Wall Street took issue with the fact that Palo Alto expects earnings of $1.41 to $1.42 per share for the fourth quarter of fiscal 2019. The market was originally looking for $1.55 per share in earnings from Palo Alto, but its bottom line will be negatively impacted by acquisition costs to the tune of $0.12 per share, as well as a $0.02 per share charge on account of the U.S.-China trade war tariff.

Without these one-time charges, however, Palo Alto's earnings would have been right in line with what analysts were originally looking for. So there's no need to press the panic button yet, as the cybersecurity specialist's problems are only short-term in nature.

However, bears pointed out that the earnings miss wasn't the only reason why investors sold Palo Alto stock in hordes. The company's third-quarter billings increased 13% year over year to almost $822 million, while analysts were originally expecting $872.6 million. But this shouldn't alarm investors either, as Palo Alto attributes the slower-than-anticipated billings growth to shorter contract durations.

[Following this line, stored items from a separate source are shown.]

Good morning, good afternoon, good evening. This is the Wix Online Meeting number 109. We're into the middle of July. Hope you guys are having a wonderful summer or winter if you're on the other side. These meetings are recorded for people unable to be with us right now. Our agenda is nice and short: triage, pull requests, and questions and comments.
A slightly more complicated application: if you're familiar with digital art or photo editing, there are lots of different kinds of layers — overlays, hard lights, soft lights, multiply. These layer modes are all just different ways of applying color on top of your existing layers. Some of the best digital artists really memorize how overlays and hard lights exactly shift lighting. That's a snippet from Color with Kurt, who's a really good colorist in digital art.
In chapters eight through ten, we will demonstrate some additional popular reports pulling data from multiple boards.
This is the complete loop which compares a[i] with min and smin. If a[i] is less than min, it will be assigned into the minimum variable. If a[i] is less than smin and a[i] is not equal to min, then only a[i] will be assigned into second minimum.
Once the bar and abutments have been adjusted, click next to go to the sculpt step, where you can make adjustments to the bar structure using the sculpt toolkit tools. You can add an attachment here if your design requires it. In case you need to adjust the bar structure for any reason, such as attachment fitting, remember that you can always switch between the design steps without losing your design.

According to CFO Kathy Bonanno:

The dollar-weighted contract duration for new subscription and support billings in the quarter remained at approximately three years, but declined by four months year-over-year due to the strength of our cloud business and fewer multi-year deals.

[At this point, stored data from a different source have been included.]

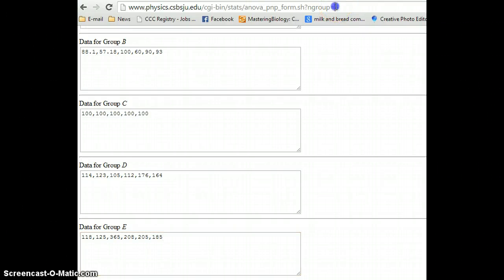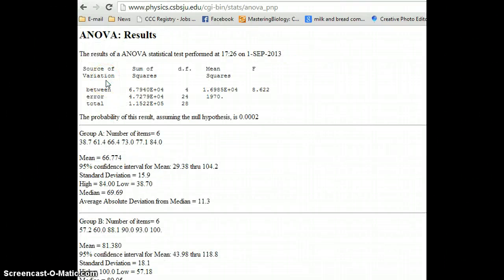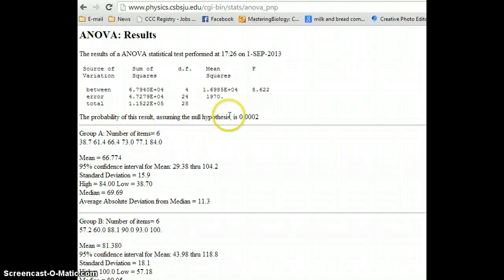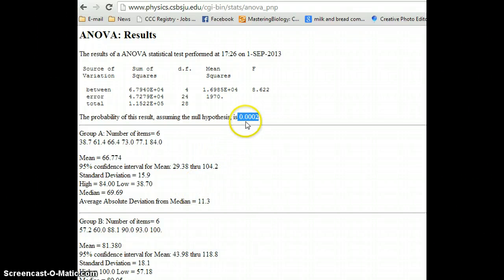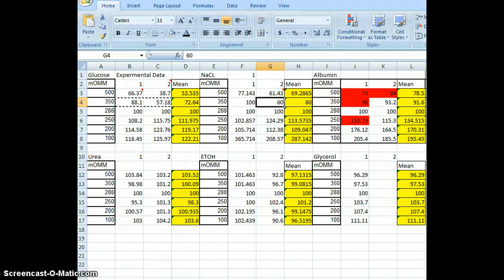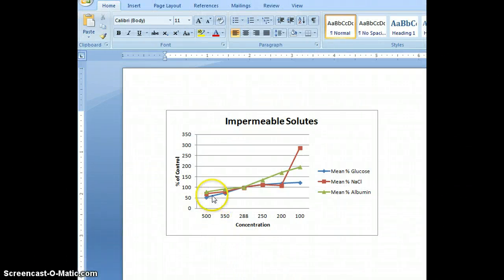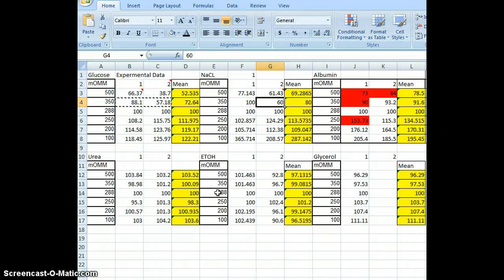I scroll up and click Calculate Now. It shoots out a p-value along with a lot of other values — sums of squares, sums of means. It's actually a nice website. It says the probability assuming the null hypothesis is 0.0002 — so that's your p-value. That is certainly less than 0.05, which means we had a significant difference between all of our concentration groups. From one set of points to the next, it was a significant change. When you do the permeable solutes, hopefully that p-value is closer to 0.50 or so.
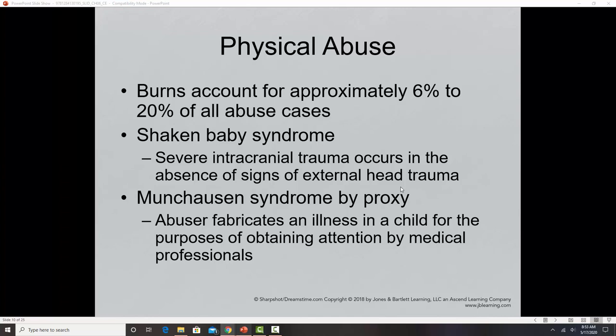Burns account for approximately 20 to 60 percent of abuse cases. Shaken baby syndrome is one specific type of physical abuse. Because babies don't yet have a strong connection between the head, neck, and body, shaking a baby even mildly can cause head trauma. Studies suggest the vast majority of deaths due to physical abuse involve some type of head trauma, including shaken baby syndrome, and children who survive can have cognitive deficits from the resulting brain damage.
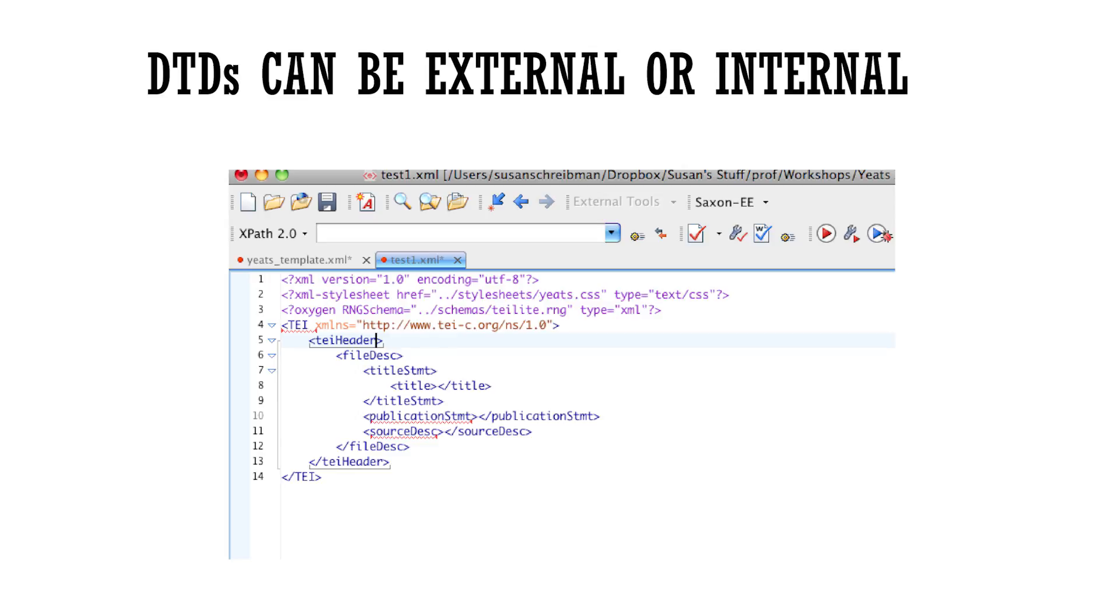And that's because each time you make a change to the DTD, you have to make the change in each and every document that uses it. So if you have 20 documents, each with their own DTD at the top, you've got to change it 20 times.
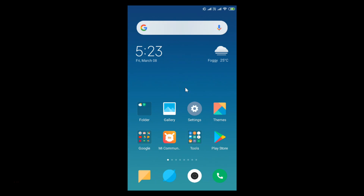Hi guys, in this tutorial I'm going to show you how to turn on or off GPS, that is Global Positioning System, on MIUI version 10.2. I'm using Redmi Note 4.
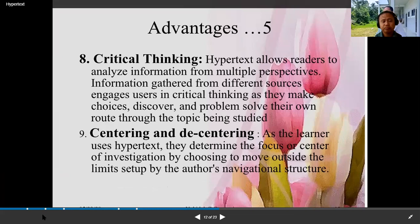Hypertext allows readers to analyze information from multiple perspectives. Information gathered from different sources engages users in critical thinking as they make choices, discover, and problem-solve their own route through the topic being studied.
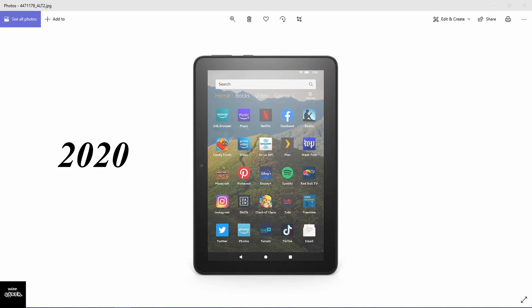Hello folks and welcome to a Wise Gamer video. In today's video we're going to be doing a little bit of tech talk. We're actually going to be looking at how to transfer video files from your Windows 10 computer system to your Kindle Fire. My Kindle Fire happens to be an HD8.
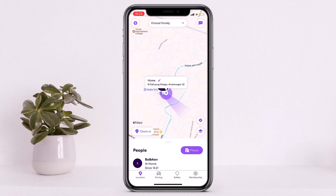Firstly, you'll have to open the Life360 application on your phone and once you open the app and log into your account, you'll just have to tap on this down arrow icon on the top of your screen alongside your circle name.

Had Palo Alto's contract duration stayed consistent, the company's billings could have easily beaten Wall Street's expectations -- it lost four months of billings thanks to the shift to the cloud and a subscription-based business model.

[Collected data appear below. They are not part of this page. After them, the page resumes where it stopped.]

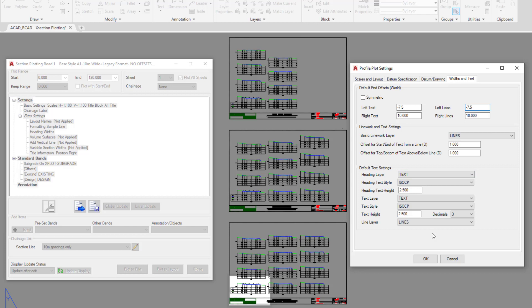So if at any point you want to add content into the cross sections and you are continually changing the content that is chosen - for example, for the layer or the text style - this is where you can set that up. For the time being, we're going to click on OK.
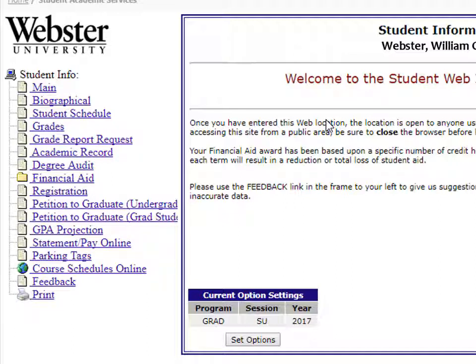You can review the courses you have taken or transferred in on the Academic Record link, or find more detail of the courses required for your program and whether you have met the requirements through the Degree Audit link.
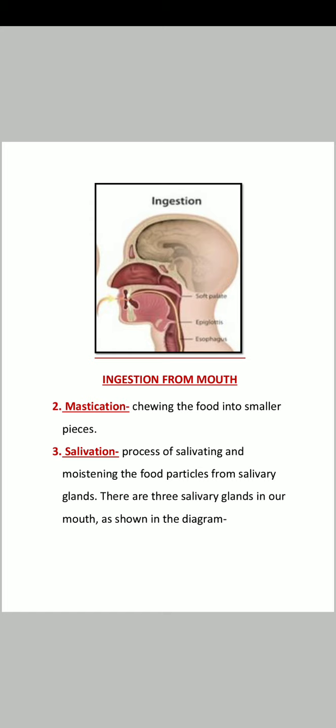Next is mastication. Mastication means chewing the food into smaller pieces. When you eat food, you cannot swallow it directly — you break it into small particles first. This process is called mastication. There are many muscles that help in mastication.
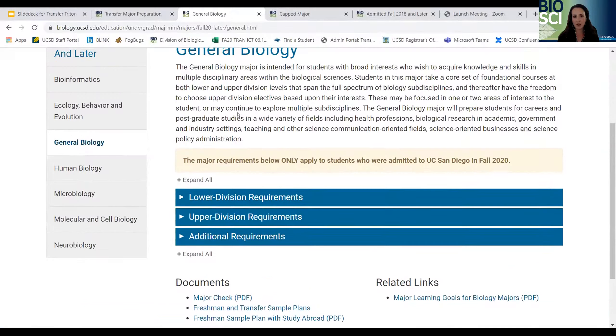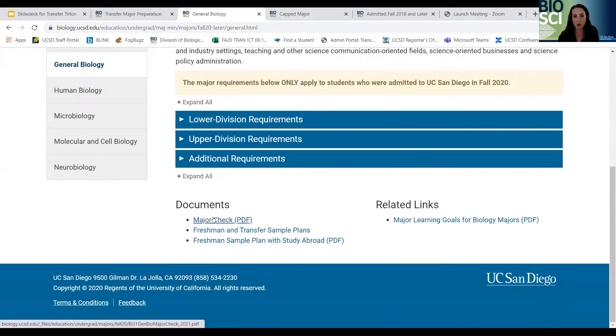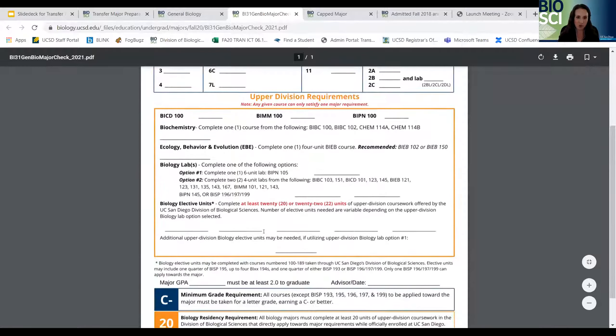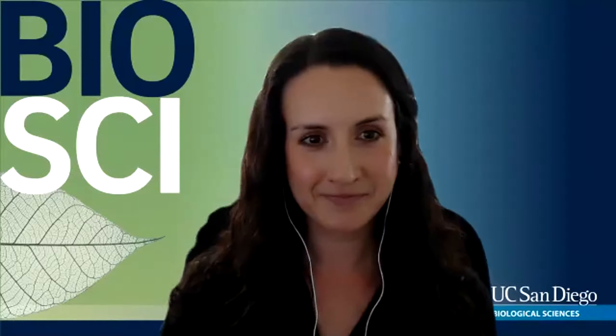One way students often get confused about major requirements is instead of going through our website by admit year, students will just Google, say, 'UCSD human biology,' and what comes up is the year with the most hits or most commonly searched — but it's not necessarily the year the student was admitted. As Vanessa said, it's best to go through our website and look by the admit year; that's the most reliable way to do it.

As such, Palo Alto's quarterly performance and the accompanying guidance weren't as bad as they looked. More importantly, a closer look at the company's results makes it clear that Palo Alto is pulling the right strings to ensure long-term growth.

Don't miss these positives

Investors shouldn't be fixated on analyst estimates, as there are quite a few metrics that show Palo Alto is making terrific progress in the cybersecurity market.

For instance, the company's customers have increased their spending on its services. The lifetime value of Palo Alto's top 25 customers went up 35% year over year to a minimum of $38.7 million during the quarter.

The customer lifetime value is made up of the revenue generated from a customer after subtracting the money spent to acquire that account. So the substantial increase in the lifetime value of its top customers is a big positive for Palo Alto, as it is not only augmenting the company's top-line growth but also contributing toward fatter margins.

The company's third-quarter gross margin increased 30 basis points year over year, and that figure should keep getting better as Palo Alto expands its range of offerings through acquisitions. That's because new acquisitions will give the company a bigger cross-selling opportunity in the future.

The big picture is still intact

Palo Alto announced two new acquisitions -- Twistlock and PureSec -- that will negatively impact its short-term results.

Twistlock is a container security provider for cloud-native applications that serves more than 290 customers, a quarter of which are Fortune 100 companies. Container security is an emerging sector of the cybersecurity market because developers have been rapidly moving toward app containers.

It is estimated that the app container market will clock an annual growth rate of nearly 33% through 2023, so the Twistlock acquisition should prove to be an asset for Palo Alto in the future. Meanwhile, the PureSec acquisition will help Palo Alto make a dent in the serverless cybersecurity space, which is another fast-growing niche.

As it turns out, the global serverless market is forecast to grow at a compound annual growth rate of 28.6%. So the demand for cybersecurity for serverless applications is all set to increase in the future, and Palo Alto is making a smart move by getting into this vertical.

This is how Palo Alto is securing its long-term growth -- so it doesn't make sense for investors to panic because of the guidance miss.